Bayramın sofraya, kalbe ve cebe yansıyan gerçekliği üzerine bir değerlendirme
Kurban Bayramı geldi. Televizyonlarda neşeli reklamlardan, sosyal medyada bayram tatili planlarına kadar her yerde “birlik ve beraberlik” vurgusu yapılıyor. Ancak sahada, sokakta ve sofrada çok daha farklı bir tablo var: Bayram artık herkes için aynı anlama gelmiyor.
Eskiden mahallede herkes kurban keser, etler komşulara dağıtılırdı. Şimdi mahallede sadece birkaç evin bacası tütüyor. Çünkü kurban kesmek artık bir ibadetten çok ekonomik bir ayrıcalığa dönüştü. Büyükbaş kurbanlıkların fiyatı 130–150 bin TL bandında; küçükbaş hayvanlar dahi 15–20 bin TL’ye dayanmış durumda. Bu şartlarda dar gelirli bir aile için kurban kesmek, ancak birkaç hanenin birleşmesiyle mümkün hale geliyor.
Ekonomik Uçurum, Bayram Sofralarına da Yansıdı
Bayram alışverişi bir zamanlar çarşının bayramıydı. Yeni kıyafetler, şekerlemeler, ev temizliği, misafir hazırlığı… Şimdi bunlar giderek daha az eve uğruyor.
TÜRK-İŞ'in Mayıs 2025 verilerine göre açlık sınırı 24.035 TL.
Ancak Türkiye’de en düşük emekli maaşı 14.000 TL seviyesinde. Bu da emeklilerin açlık sınırının dahi altında gelirle yaşadığını gösteriyor. Hal böyleyken birçok aile için bayram, yalnızca bir takvim günü olmaktan öteye geçemiyor.
Kimi insanlar kurban etini kesip dağıtmanın telaşındayken, kimileri kurban eti dağıtımı yapılan kurumların önünde sıraya giriyor. İşte tam burada sorulması gereken soru şu:
Gerçekten aynı bayramı mı yaşıyoruz?
Kutsal Olanın Ticarileşmesi ve Tüketim Tuzağı
Bayram, özellikle büyük şehirlerde artık bir tüketim mevsimi olarak görülüyor. Tatil paketleri, AVM kampanyaları, online kurban hizmetleri… Kurban ibadeti bile artık paketlenmiş, kargolanmış, dijitalleştirilmiş halde.

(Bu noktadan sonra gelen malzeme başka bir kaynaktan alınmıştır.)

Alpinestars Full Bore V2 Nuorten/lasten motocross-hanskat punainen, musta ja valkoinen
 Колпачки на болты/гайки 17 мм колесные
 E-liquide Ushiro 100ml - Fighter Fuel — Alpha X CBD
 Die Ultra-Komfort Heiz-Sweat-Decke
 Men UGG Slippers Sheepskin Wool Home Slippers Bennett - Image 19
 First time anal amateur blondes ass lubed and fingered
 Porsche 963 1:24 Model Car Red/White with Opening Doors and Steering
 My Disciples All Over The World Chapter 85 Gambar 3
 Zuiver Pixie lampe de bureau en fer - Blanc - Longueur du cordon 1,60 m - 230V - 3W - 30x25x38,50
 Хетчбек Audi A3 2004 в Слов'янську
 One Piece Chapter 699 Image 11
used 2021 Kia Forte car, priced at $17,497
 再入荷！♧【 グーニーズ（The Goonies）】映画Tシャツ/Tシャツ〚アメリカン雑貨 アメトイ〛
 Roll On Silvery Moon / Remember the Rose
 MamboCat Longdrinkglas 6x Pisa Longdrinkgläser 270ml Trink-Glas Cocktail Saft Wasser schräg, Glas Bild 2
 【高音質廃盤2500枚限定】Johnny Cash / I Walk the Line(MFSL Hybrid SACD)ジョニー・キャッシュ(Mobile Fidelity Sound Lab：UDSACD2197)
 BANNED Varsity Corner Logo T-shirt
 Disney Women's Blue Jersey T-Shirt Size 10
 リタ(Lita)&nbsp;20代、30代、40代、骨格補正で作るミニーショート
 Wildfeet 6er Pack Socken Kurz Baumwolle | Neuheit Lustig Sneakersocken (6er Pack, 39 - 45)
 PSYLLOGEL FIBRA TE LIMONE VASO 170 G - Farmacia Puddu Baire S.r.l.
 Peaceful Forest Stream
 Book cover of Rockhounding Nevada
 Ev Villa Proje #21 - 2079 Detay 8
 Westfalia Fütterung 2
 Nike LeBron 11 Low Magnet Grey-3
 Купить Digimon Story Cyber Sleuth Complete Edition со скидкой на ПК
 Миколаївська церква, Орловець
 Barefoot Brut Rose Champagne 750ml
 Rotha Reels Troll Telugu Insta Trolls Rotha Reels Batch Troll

Küçük üretici, köylü kasap, yerel hayvancı bu piyasada yer bulamıyor. Kazanan yine zincir marketler, büyük et firmaları oluyor.
Bu ticari yönelim, kurban ibadetinin özündeki maneviyatı gölgede bırakıyor. Paylaşmak yerine harcamak, dayanışmak yerine vitrin yapmak öne çıkıyor.
Bayramın Gerçek Sahipleri: Gözden Kaçanlar
Bugün Türkiye’de milyonlarca çocuk bayramlık alamadan, binlerce hane kırmızı etle sadece bu dönemde tanışabiliyor. Kadınlar mutfakta zamla, borçla, kısıtlı imkanlarla bayram sofrası kurmaya çalışıyor. Asgari ücretle çalışan milyonlarca kişi, tatil yapmanın değil, “bayramda açık olan bir iş bulmanın” peşinde. Bayramın esas yükünü çekenler, en az hissedenler oluyor.
Bayram Bayram Gibi Olsun Diye
Gerçek bir bayram, sadece takvimde değil, insanların sofrasında, ruhunda ve cebinde hissedilir. Herkesin karnının doyduğu, kimsenin dışlanmadığı, dayanışmanın gerçek anlamda yaşandığı bir bayram için sadece iyi niyetli temenniler değil, adil ve eşitlikçi bir ekonomik düzen gerekir.
Eğer eşit değilsek, aynı bayramı yaşamıyoruz.
Ve bir toplumun gerçek bayramı, herkesin yüzünün gülebildiği gündür.